Coinbase will ask a federal court judge to dismiss the high-stakes lawsuit on Wednesday

Discussion in 'Wall St. News' started by Nighthawk, Jan 14, 2024.

  1. Quote from the WSJ:

    "Armstrong has also become increasingly brash in the face of U.S. regulators’ effort to rein in the crypto industry. Armstrong spent significant time in Washington, D.C., last year lobbying for crypto legislation. He hired former lawmakers as advisers and donated more than $1 million of his personal wealth to a pro-crypto super political-action committee.

    The first test comes Wednesday when Coinbase will ask a federal court judge to dismiss the high-stakes lawsuit brought against the company last year by the Securities and Exchange Commission. The agency sued Coinbase in June for allegedly offering and listing unregistered securities, among other things. "

    ....

    Industry watchers say the request for dismissal is a long shot. The SEC has long argued that most crypto tokens are securities, a category that includes assets such as stocks and bonds. Selling securities to the broader public without registering them with the SEC makes the issuer liable for violating investor-protection laws. The agency says Coinbase traded at least 13 crypto assets that are securities and should have been registered with regulators before they were issued.

    Coinbase has called for U.S. regulators to draft clear rules for governing the crypto industry.
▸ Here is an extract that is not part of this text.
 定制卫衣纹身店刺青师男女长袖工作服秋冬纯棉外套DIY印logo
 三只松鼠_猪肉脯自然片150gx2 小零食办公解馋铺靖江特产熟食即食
It argues the SEC, under Gary Gensler, is taking an “enforcement-only approach” to set the law on a case-by-case basis.

    And that strategy hasn’t always worked: Gensler’s approval of the new bitcoin ETFs last week, prompted in large part by a legal setback in another lawsuit, was a notable loss for the agency.

    Assuming the judge allows the SEC’s suit to go forward, the company could litigate it into 2025 or longer before any trial is held, Paul Grewal, Coinbase’s chief legal officer, said in an interview.

    “The case is very unlikely to be dismissed,” said Lisa Bragança, a lawyer who worked as an SEC enforcement branch chief. “Coinbase is saying that the types of coins it lists on its platform are not securities, and that is going to be very hard for them to prove.”